Afhankelijk van de vraagstelling kunnen bepaalde simplificaties en idealiseringen legitiem zijn. Bij thuiselektronica mag je bijvoorbeeld aannemen dat de netspanning constant is, terwijl ze in werkelijkheid altijd wat schommelt. Tenzij je juist een overspanningsbeveiliging wilt behandelen. Bij veel besturingsproblemen kun je de rekentijd van de computer gerust verwaarlozen. Dat soort dingen noem je hier.

Structuur

De volgende drie secties moeten terminologisch precies bij elkaar passen.

Functioneel netwerk

Upload s.v.p. geen plaatjes met functionele netwerken; anders krijgen we hier honderden plaatjes met verouderde versies. Gebruik GraphViz! Teken onderdelen als blokjes en waarneembare fenomenen als lijnen. (Een pijl die je in de lucht wilt laten hangen kun je naar een onzichtbaar blokje laten gaan.)

Onderdelen

naam korte informele specificatie
moet precies passen bij het functioneel netwerk Eén heldere zin is hier voldoende. Zie het als toelichting van het functioneel netwerk. Gebruik precies de juiste woorden voor de gedeelde fenomenen! Neem de criteria ter harte.

Het domeinmodel

Eerst vul je naam, betekenis en meting in. De rest pas als je overgaat tot formalisering. De namen moeten wel precies passen bij het bovenstaande. Je mag wel fenomenen samenvatten, zoals onder de tabel uitgelegd.

Types
naam betekenis
...
Functies
naam type betekenis afk.*
...
Predikaten
naam type betekenis meting afk.*
...


Het is goed gebruik, fenomen die zich alleen onderscheiden door hun plaats en moment samen te vatten tot één predikaat:

tijd 
Bij real-timesystemen heeft elk predikaat een tijdsparameter: het moment waarop iets geobserveerd kan worden. Geef aan wat je tijdsmodel is. Reële getallen? Gehele getallen? Welke eenheid?
plaats 
Als gelijksoortige fenomenen zich op verschillende plekken in het systeem voordoen, kan een tweede parameter een locatie aangeven.

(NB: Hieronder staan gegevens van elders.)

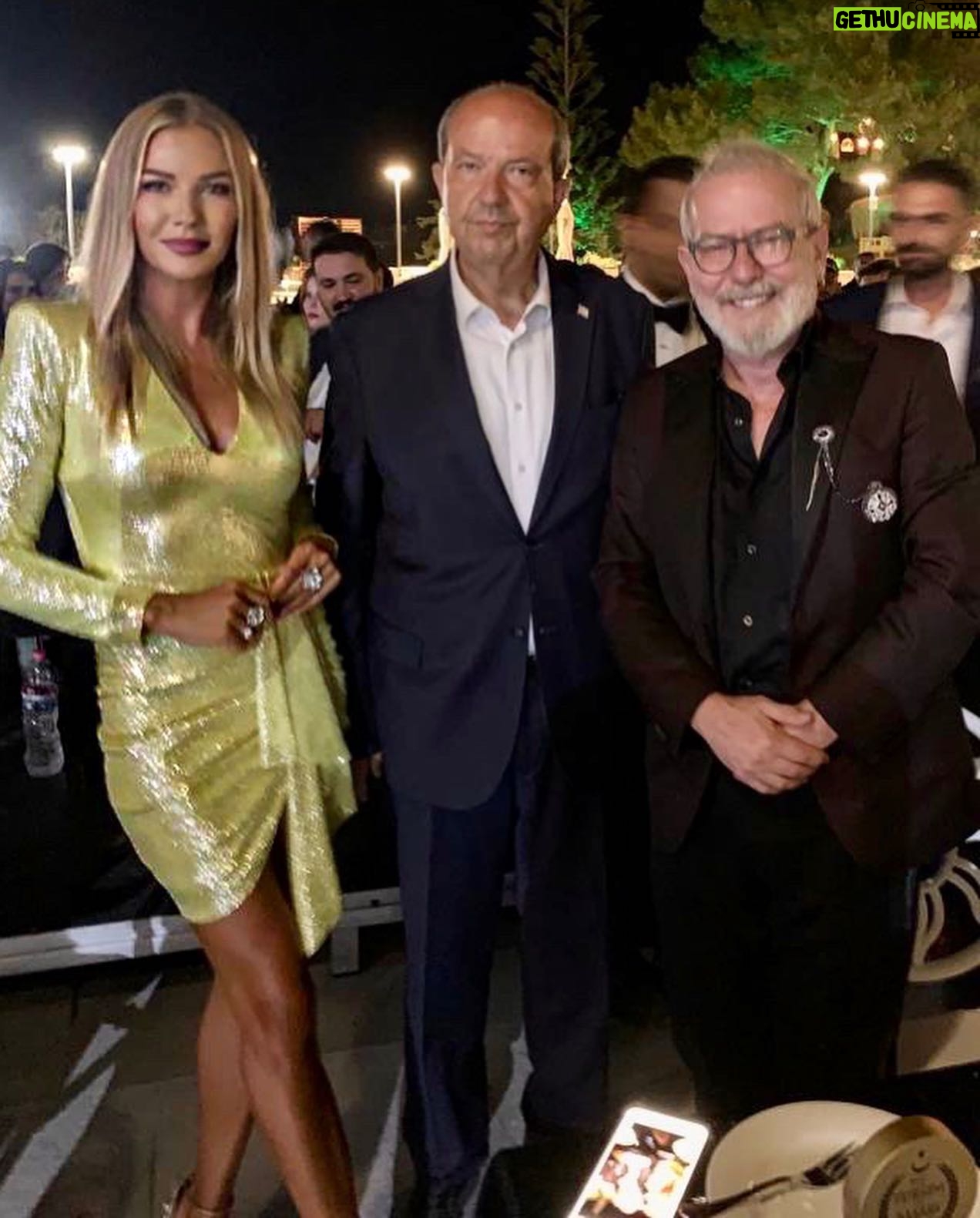 Ivana Sert Instagram - K.K.T.C Turizm ve başarı ödül töreninde Hayriye vurdu organizasyonun yapmış olduğu gecede Sırbistanla Türkiye Arasındaki turizm elçisi ödülüne beni laik gören hepinize teşekkür ediyorum @hayriyevurdu @ugurkanerezofficial @ersinrtatar @kktcturizmvebasariodulleri @fikriataoglu @miodrag.popovic.tob @vesnabucan @marija_labovic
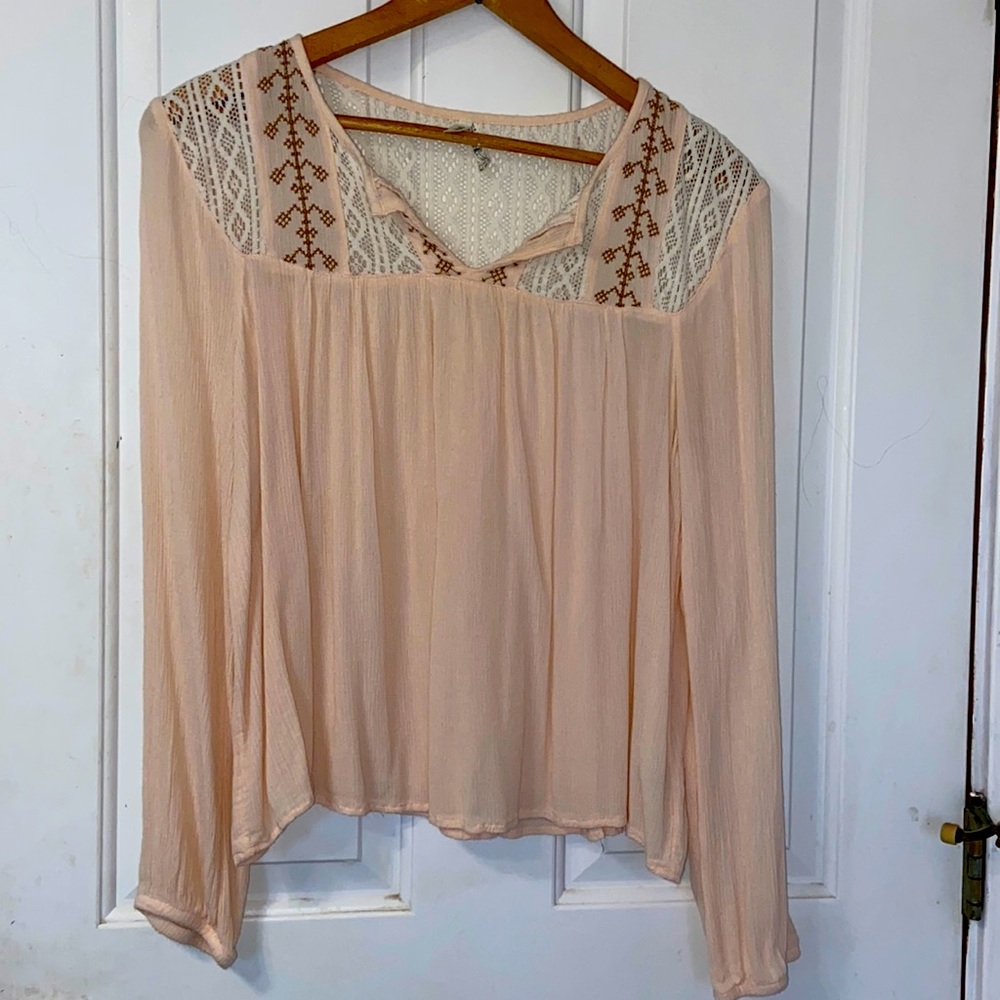 MUDD women’s blouse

In elk geval moet de relatie tussen het domeinmodel en het functioneel netwerk voor de lezer in één oogopslag helder zijn.


*) Indien de namen van de predikaten en functies lang zijn, kun je d.m.v. afkortingen een voor Coq beter behapbare variant van de correctheidsstelling schrijven. Gebruik leesbare namen voor optimale leesbaarheid voor de specificaties en het netwerk en zeer korte afkortingen voor een versie van je correctheidsstelling die nog op een Coq-scherm past.

Hulpdefinities

Optioneel. Samengestelde predikaten, gedefinieerd op basis van de predikaten uit het domeinmodel. Geef niet alleen de formules, maar leg ook uit in natuurlijke taal wat het nut is van die formules.

Onderdeelspecificaties

Dit hoofdstuk moet precies passen bij het vorige.

Per onderdeel

  • de naam
  • specificatie als naamgeving, leesbaar opgemaakt volgens de grammatica van onze taal (deze formele specificatie moet uiteindelijk precies overeenkomen met die in het Coq-script, dus gebruik ASCII-notaties als 'forall' en '->' in plaats van ∀ en →)
  • verwoording van dezelfde specificatie in natuurlijke taal
  • eventueel extra uitleg, keuzes, afwegingen
  • korte verantwoording: hoe kun je nagaan of deze specificatie in het echt juist is ("verificatie")?

Voorbeeld:

Definition BEL := (forall t: T, stroom t) -> (forall t: T, druk t knop1 -> rinkel t).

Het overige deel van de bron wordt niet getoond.